Ottawa pours $180M into wine industry
New funding extends a support program for Canadian wineries
The Canadian government is continuing a multimillion-dollar program that provides critical help for Niagara’s grape and wine sector.
On Friday, Agriculture and AgriFoodMinister Lawrence MacAulay was at Trius Winery in Virgil to announce $177 million in funding over the next three years to extend the Wine Sector Support Program, which was launched in 2022.
“If you are going to grow an entire region, you need a foundation,” said Dan Paszkowski, president and chief executive officer of Wine Growers of Canada. “Without the program, the opportunity for growth is significantly minimized.”
Paszkowski, with various Niagara MPs, councillors and industry representatives, joined MacAulay at Trius for the announcement.
He said in 2022 the federal government provided $166 million to create the program that has provided financial assistance to an estimated 480 wineries across the country.

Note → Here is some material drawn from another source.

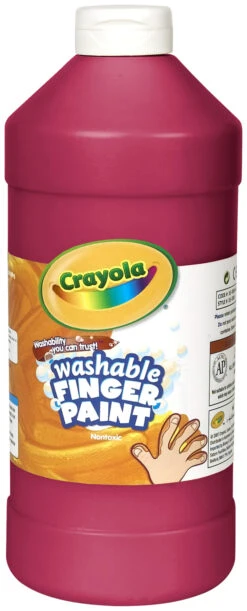 Crayola Non-Toxic Washable Finger Paint, 1 Quart Squeeze Bottle, Red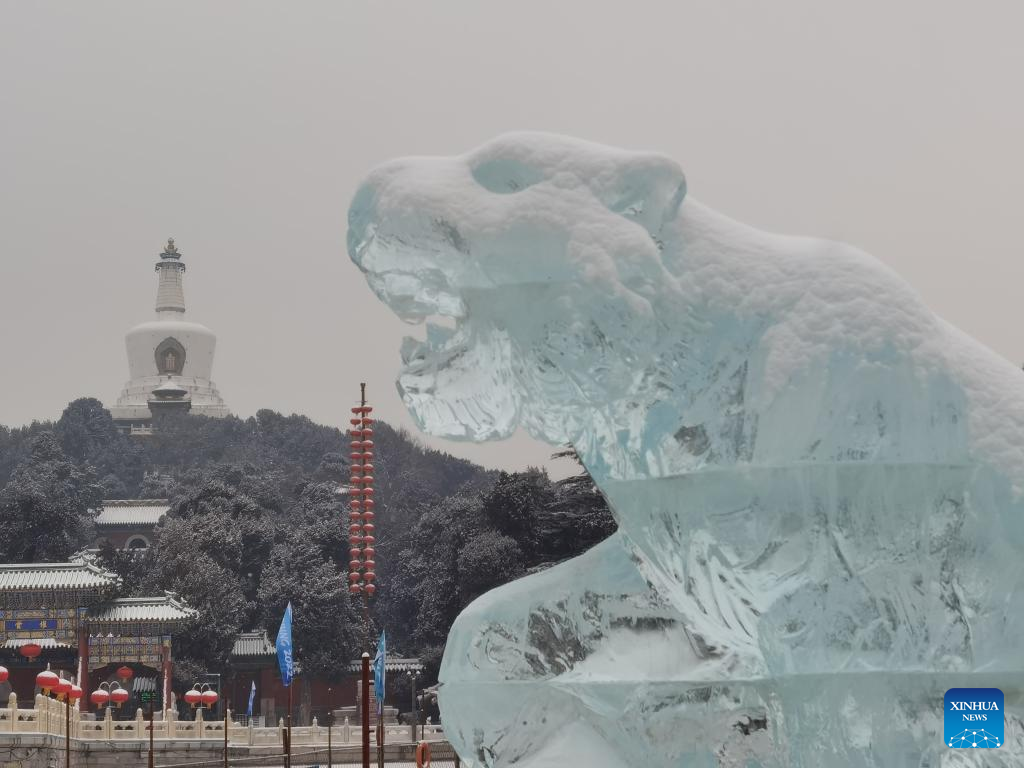 People enjoy snow scenery at scenic spots in Beijing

“It’s been a long time coming,” said Paszkowski. “There have been no complaints. We found something that works.”
Wineries can apply for financial support based on the percentage of Canadian wine they use, said Paszkowski.
“If it’s 10 per cent, you get 10 per cent funding,” he said. “It’s fair.”
There are also no conditions attached to what the wineries can use the money for, he said. “Wineries know best,” he said. In an interview, MacAulay said the program is “very important” to the wine sector.
“The industry is facing very different challenges,” he said. “This makes sense (so) the wine sector stays on the cutting edge. They are competing with the world.”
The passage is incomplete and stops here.